Author Archives: Kaolee Yang

Decoding Pop Charts

For the first example, I chose a pie chart that showed daily phone activities for smartphone owners. The breakdown of the activities are provided below in Figure 1.

Figure 1.

Although this pie chart is visually appealing and shows us the overall distribution of smartphone owners’ time usage, it’s hard to identify patterns quickly. In Figure 2. below, I constructed a dot plot where phone activities were plotted against percentage in an increasing order.

Figure 2.

I believe that the dot plot is an improvement to the pie chart. The dot plot allows us to decode the information above and see patterns that we wouldn’t before. We can easily identify each point and match it to its percentage and phone activity.  For instance, we can quickly observe that Games and Other have the smallest percentage. Following the trend from left to right, we can say with confidence that Talk is the phone activity with the largest percentage. This method of table look-up is far more efficient that trying to mentally order the pie slices from lowest to highest percentage.

For the second example of this assignment, I chose a divided bar chart. The divided bar chart shows the number of people of color (POC) in Congress from 2001 to 2017 (9 Congress terms). The people of color are classified by race and ethnicity. They include black, Hispanic, Asian and Native Americans. The divided bar chart is shown below.

Figure 3.

This graph is a good example of a divided bar chart but again, it’s hard to quickly note any patterns. In Figure 4., I constructed a multiway dot plot. The multiway dot plot was classified by race and ethnicity.

Again, I believe that the multiway dot plot is an improvement of the divided bar chart.
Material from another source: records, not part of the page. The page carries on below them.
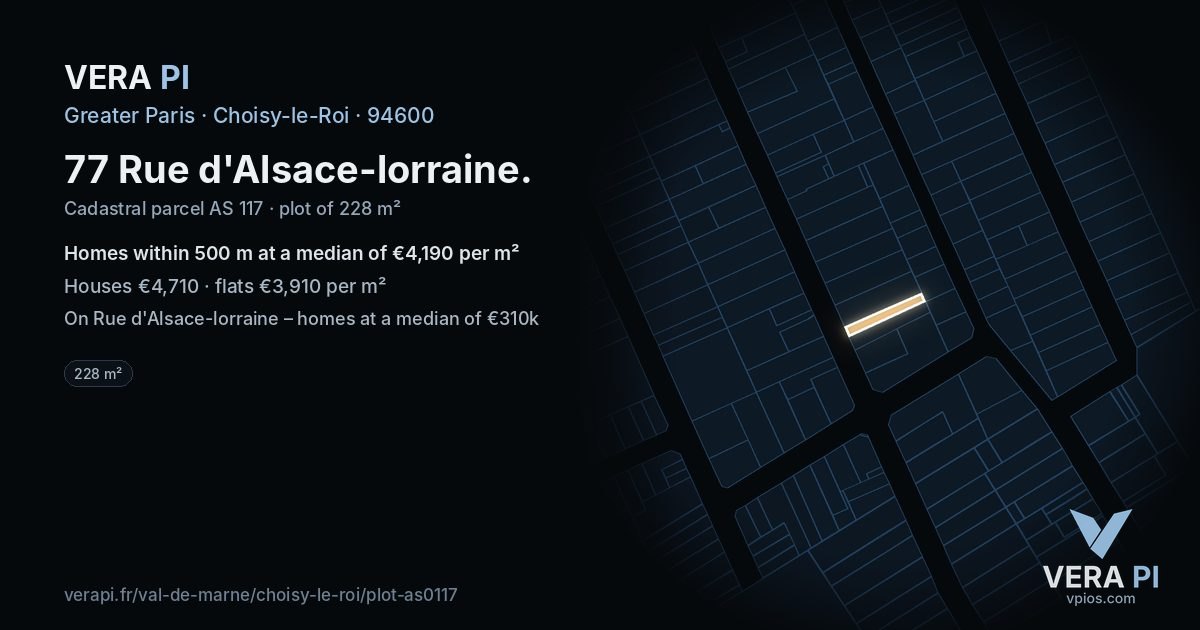 77 Rue d'Alsace-lorraine, Choisy-le-Roi at night – the plot lit, the parcels around coloured by the prices near them
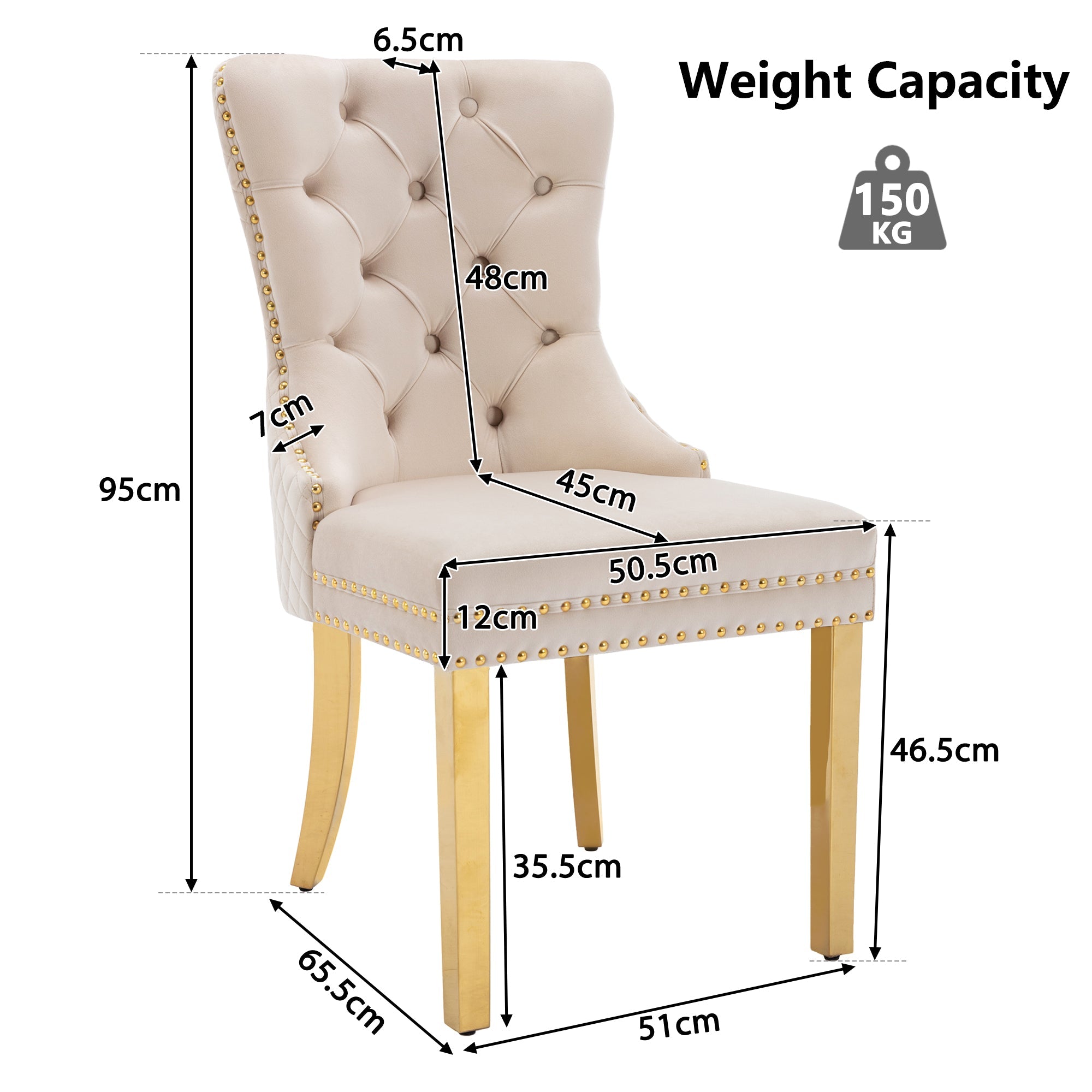 Dining Chair Set of 6 Upholstered Door Knocker Back Gold-Plated Legs Beige Velvet/Gold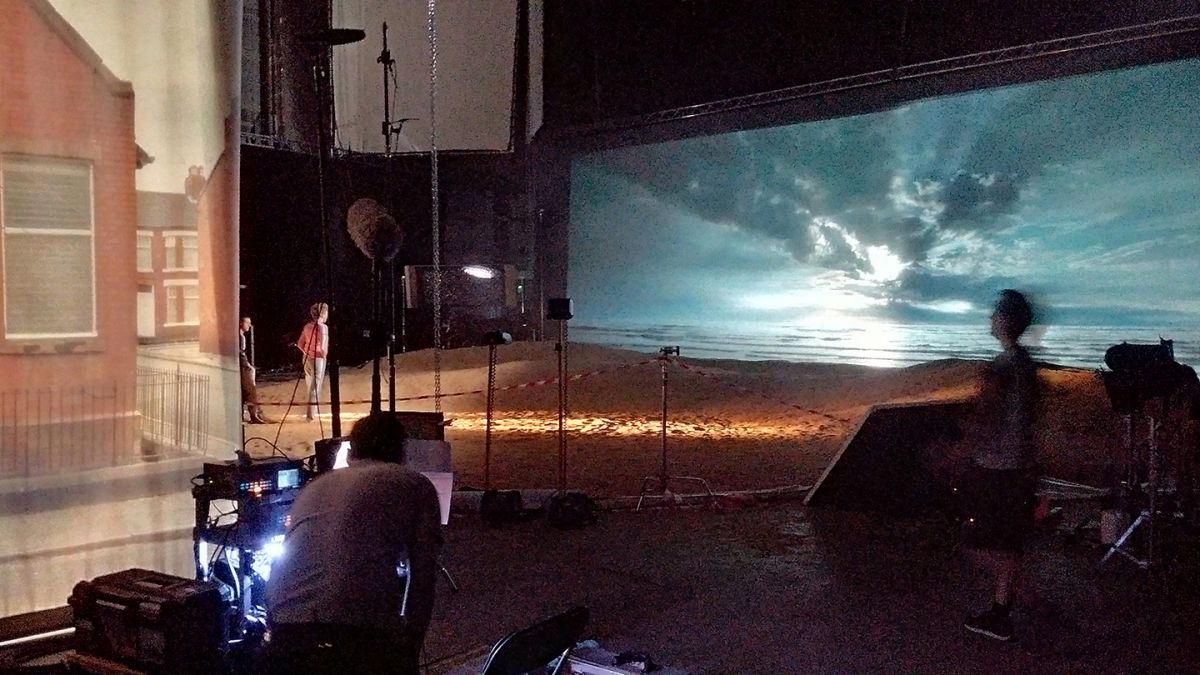 At Pinewood, the immense rear-screen projection setup devised by production effects supervisor Lester Dunton, of Dunton Projection FX​.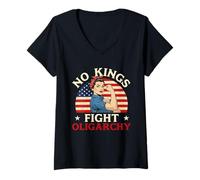 Womens No Kings Fight Oligarchy - Anti-Monarchy Statement Liberty V-Neck T-Shirt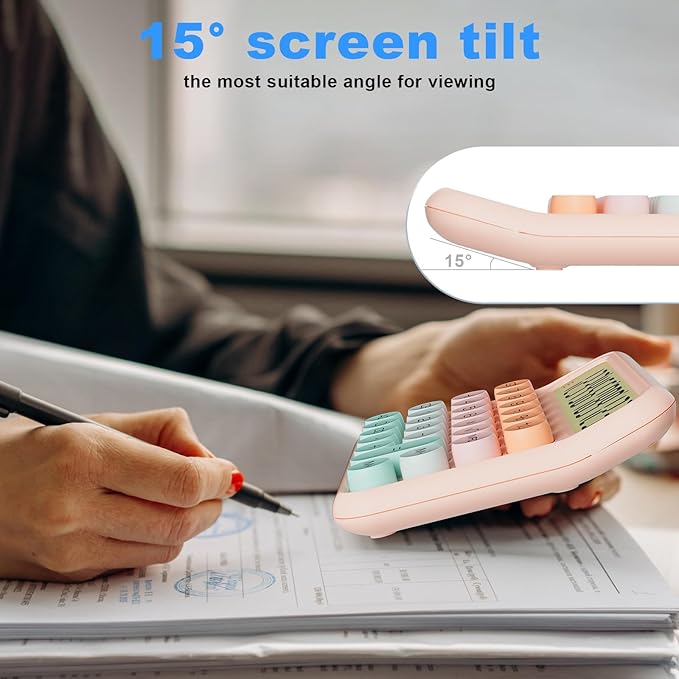 Mechanical Calculator 12 Digit Extra Large 5-Inch LCD Display, DECKLIT Battery Desk Calculator, Big Buttons Easy to Press Office Calculators Desktop, 15°Tilt Screen for Kids Calculator(Green&Pink)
In Figure 4., it becomes really obvious whether there is a pattern or not. For the most part, we can easily see that racial and ethnic diversity is growing in Congress. The only panel that doesn’t support this claim is the bottom right panel for Native Americans. For Native Americans, we see that they are still largely underrepresented in Congress. The number of Native Americans in Congress has been wavering between one and two for the last 17 years. Additionally, I believe that this multiway dot plot is an improvement because we can easily decode the information by table look-up. If the numbers were not on the divided bar chart, there would be no way of knowing how many people are represented by each chunk of color. However, the multiway dot plot allows us to navigate back and forth between the point and its corresponding year and number.

 

Multivariate Data

In this week’s blog assignment, I examined the relationship between calories, potassium and fibre using three different tools. They include a scatterplot matrix, coplot and spinning scatterplot.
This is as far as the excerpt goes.